AFRICA NEWS/Environment Woes Key Source Of Sudan ConflictsThe Darfur region of Sudan.
by Lucie Peytermann
Nairobi (AFP) June 22, 2007
Lasting peace in Sudan will not be possible unless the fractious country takes serious steps to address alarming environmental woes, said a UN report published Friday. Decades of war have devastated Africa's largest country and fresh competition for its resources continue to fuel conflict, said the report by the United Nations Environment Programme said.
"Long-term peace in the region will not be possible unless these underlying and closely linked environmental and livelihood issues are resolved," it said.
In its report, entitled "Sudan post-conflict environmental assessment", the UN agency stressed that desertification and land degradation had been a key source of conflict in impoverished Darfur.
"Northern Darfur -- where exponential population growth and related environmental stress have created the conditions for conflicts to be triggered and sustained by political, tribal or ethnic differences -- can be considered a tragic example of the social breakdown that can result from ecological collapse," the UN said.

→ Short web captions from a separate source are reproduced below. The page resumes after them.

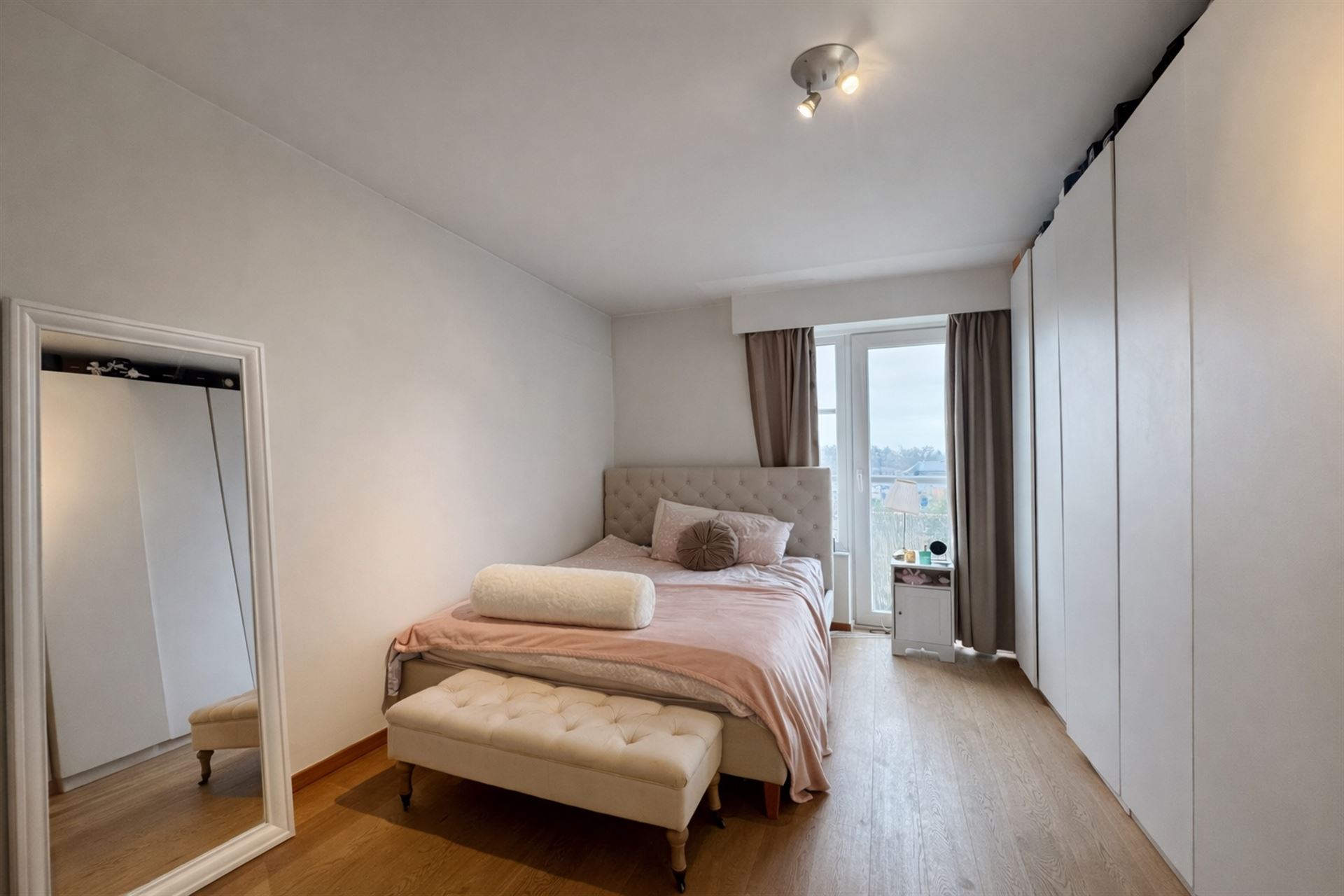 Goed onderhouden appartement met 2 slaapkamers in Brasschaat.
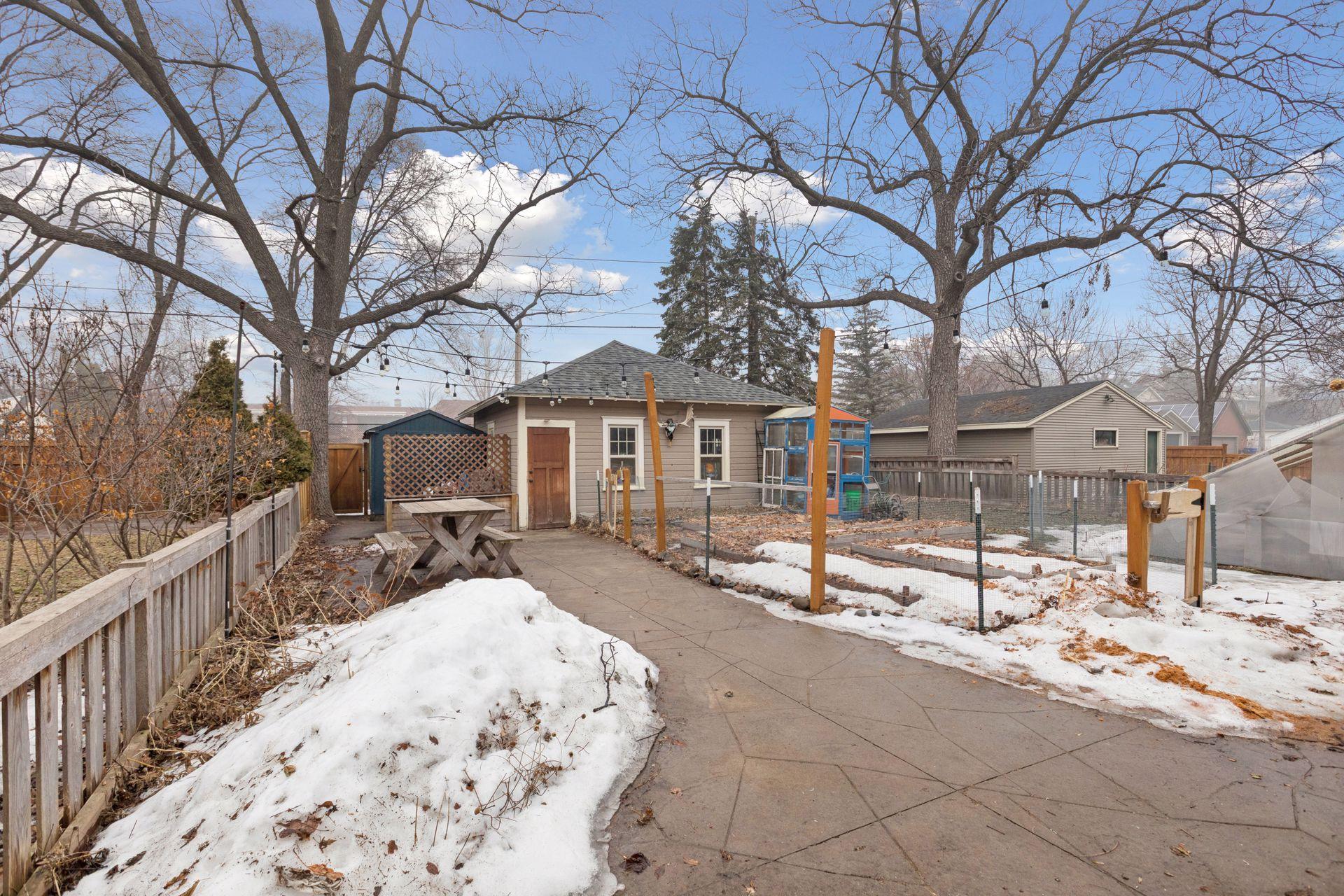 1957 Selby Avenue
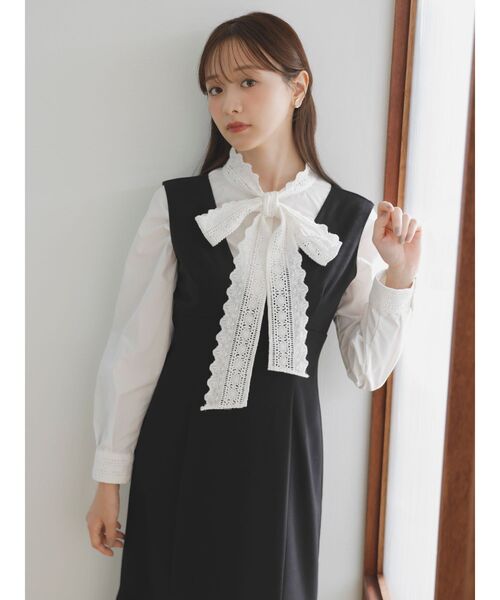 dazzlin（ダズリン）の「【森香澄コラボ】レースドッキングボウタイブラウス（シャツ/ブラウス・レディース・ベージュ/オフホワイト・FREE）」の4枚目の写真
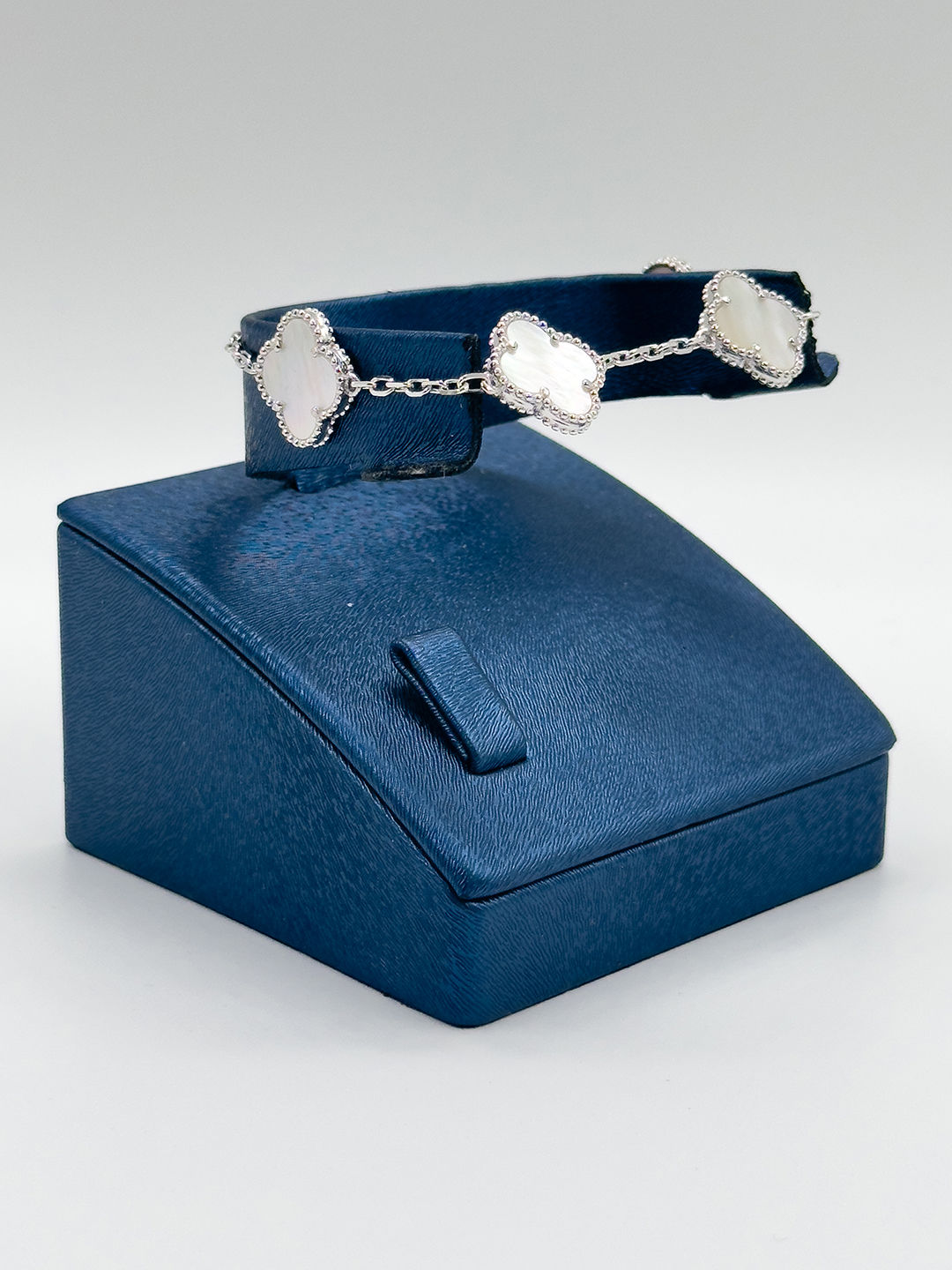 4'lü İri Boy Sedef Taşlı Yonca Kadın Gümüş Bileklik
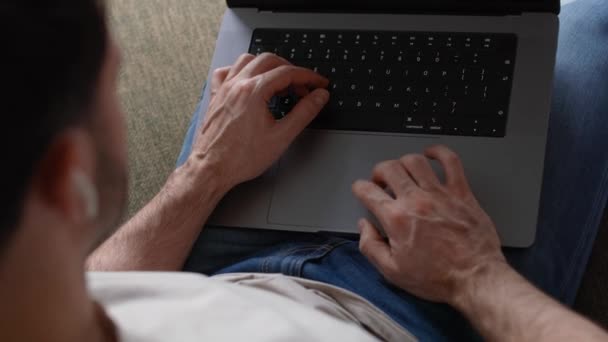 Homem Irreconhecível Trabalhando Laptop Sofá — Vídeo de Stock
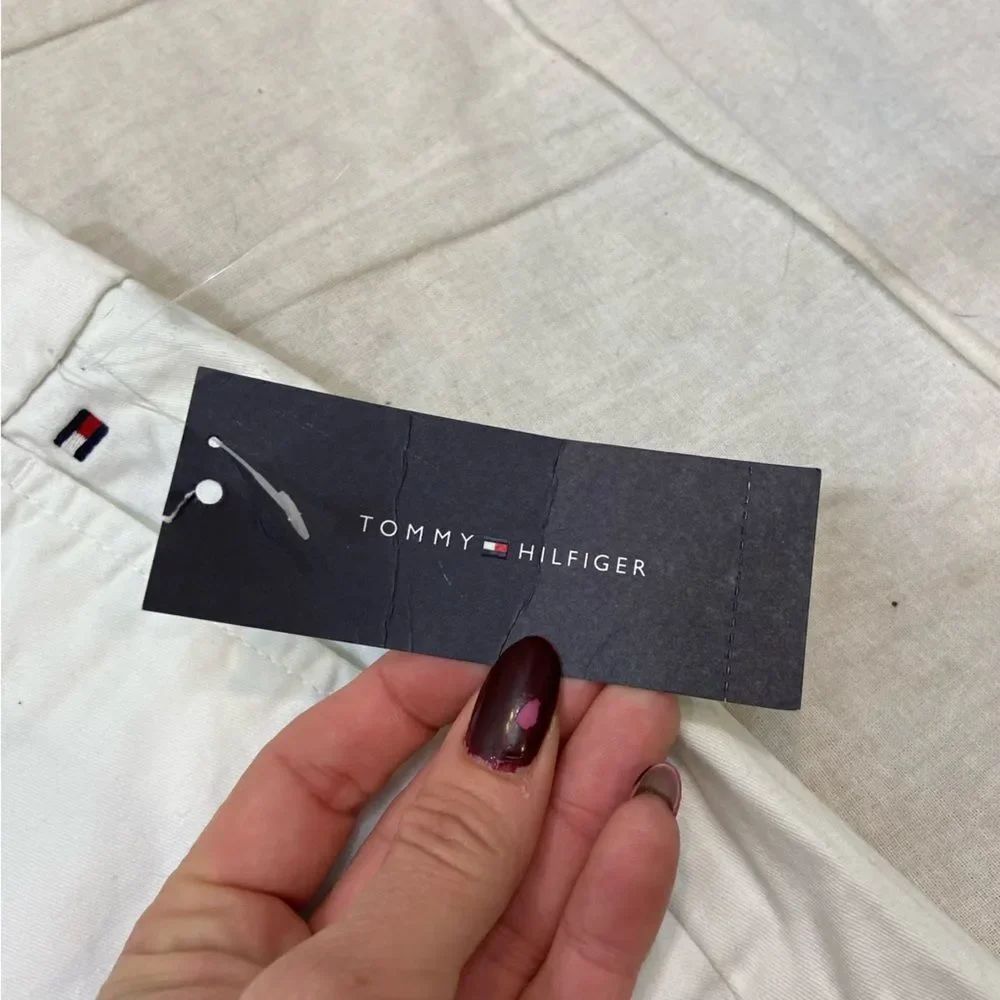 New with Tags‎ Tommy Hilfiger White Chino Short Size 4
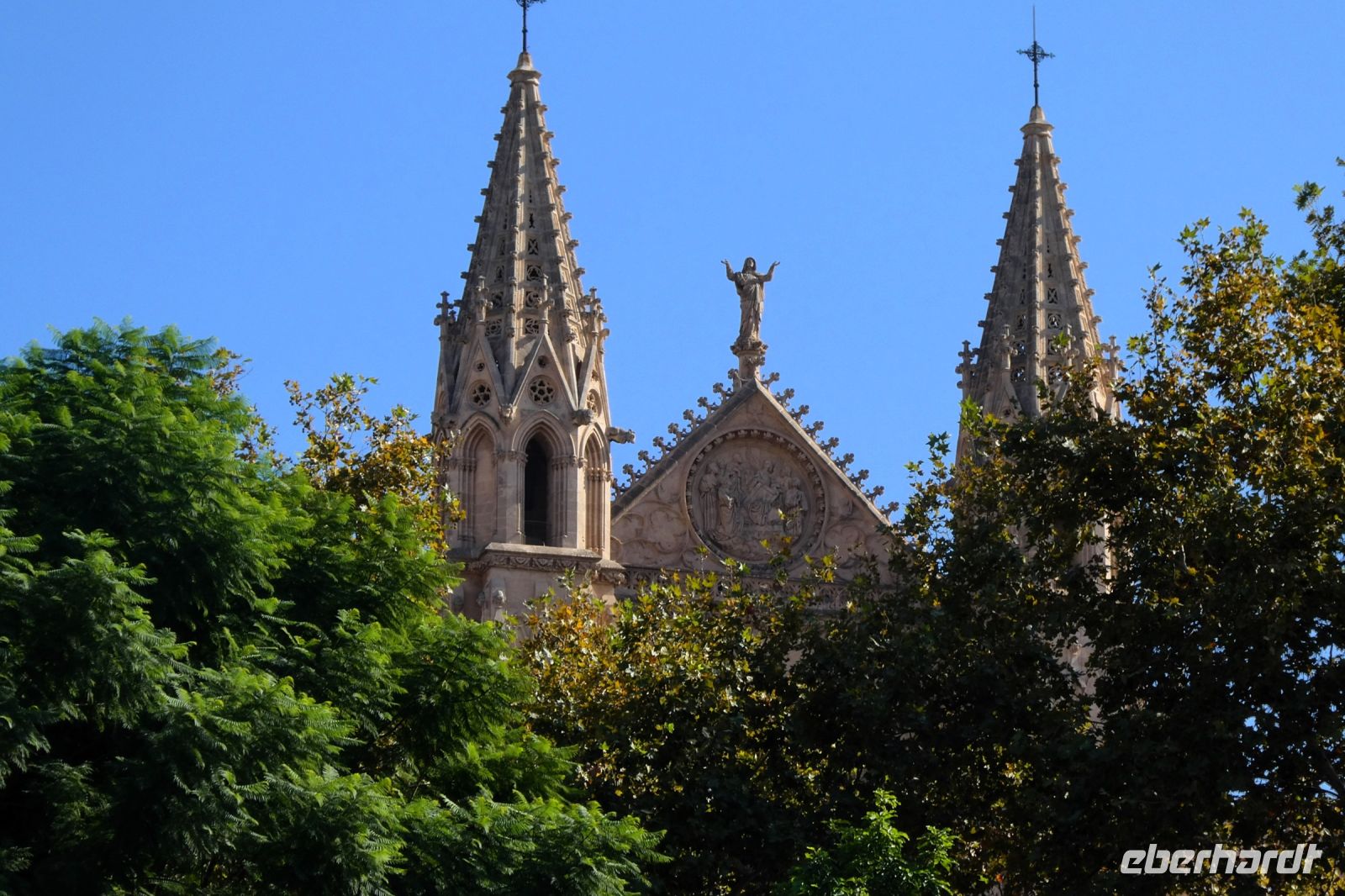 die Kathedrale wacht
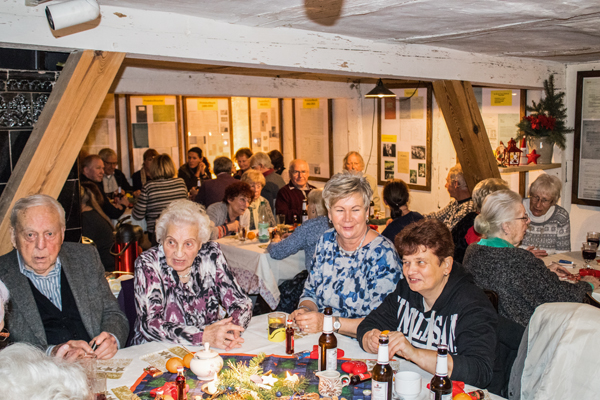 Die Adventsfeier auch ein Dankeschön an die Vereinsmitgliede r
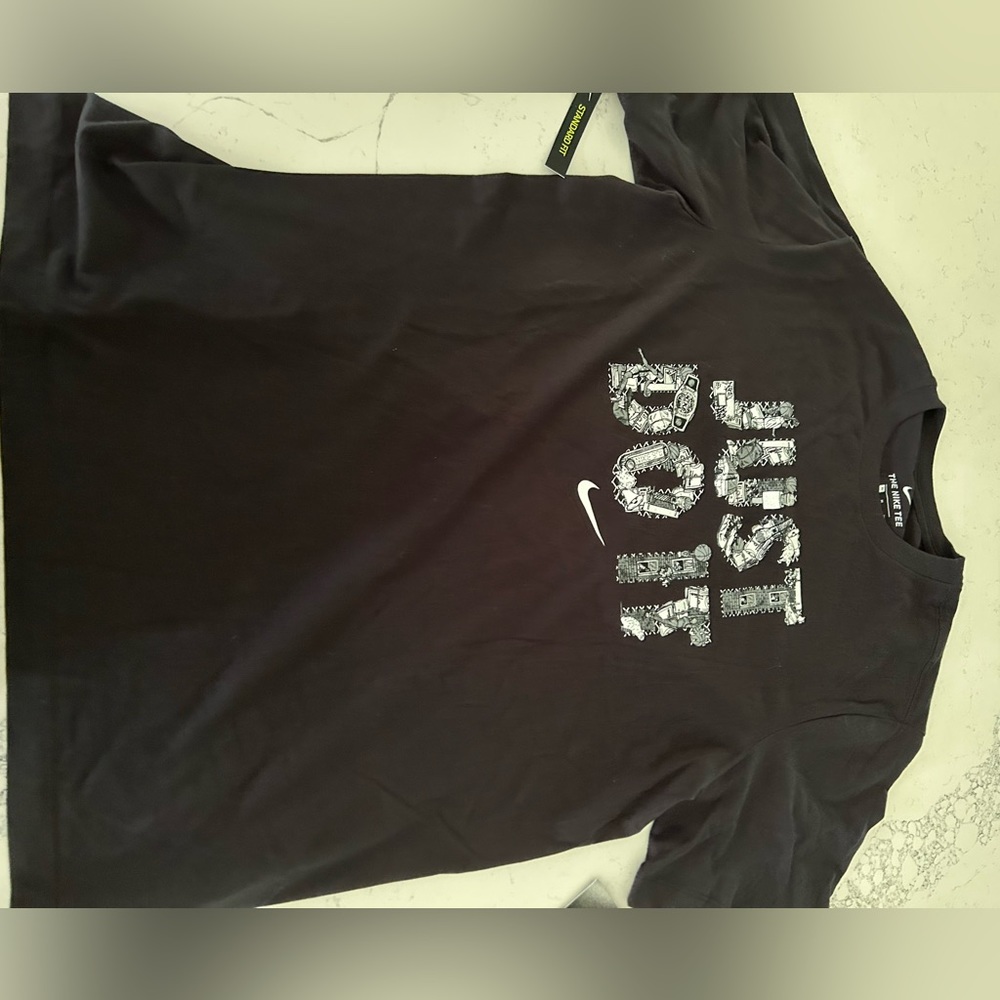Nike Tee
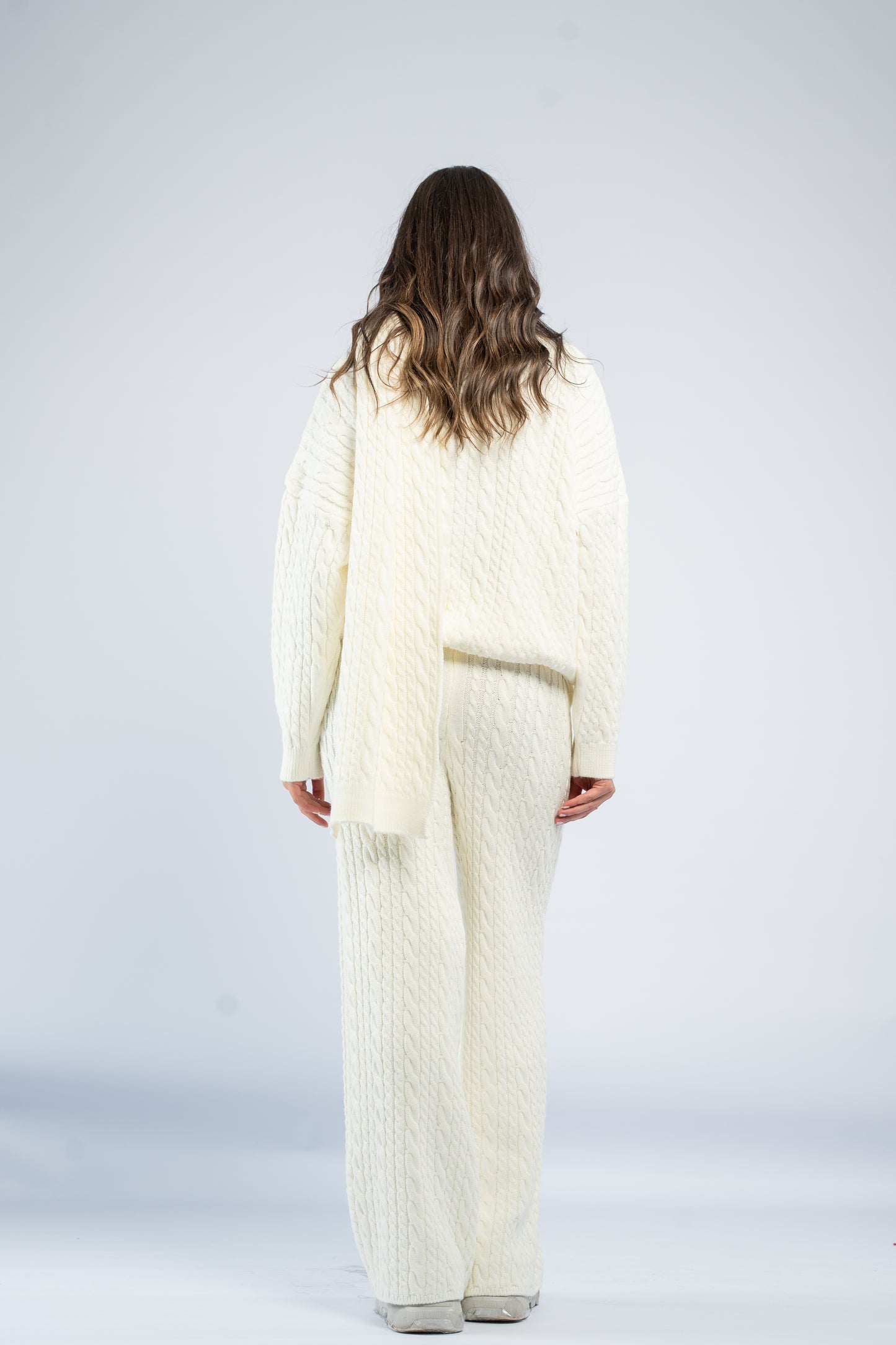 Three- piece braided wool set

The conflict in Sudan's parched western region of Darfur erupted in February 2003 when rebel groups complaining of marginalisation and demanding a greater share of the country's resources took up arms.
According to the UN, the Darfur conflict has left some 200,000 people dead. A bitter two-decade long north-south civil war ended in January 2005, after killing an estimated 1.5 million people.
The report identified a string of critical issues, such as population displacement, desertification, land degradation, deforestation, water projects, chaotic urbanisation and pollution from the country's booming oil industry.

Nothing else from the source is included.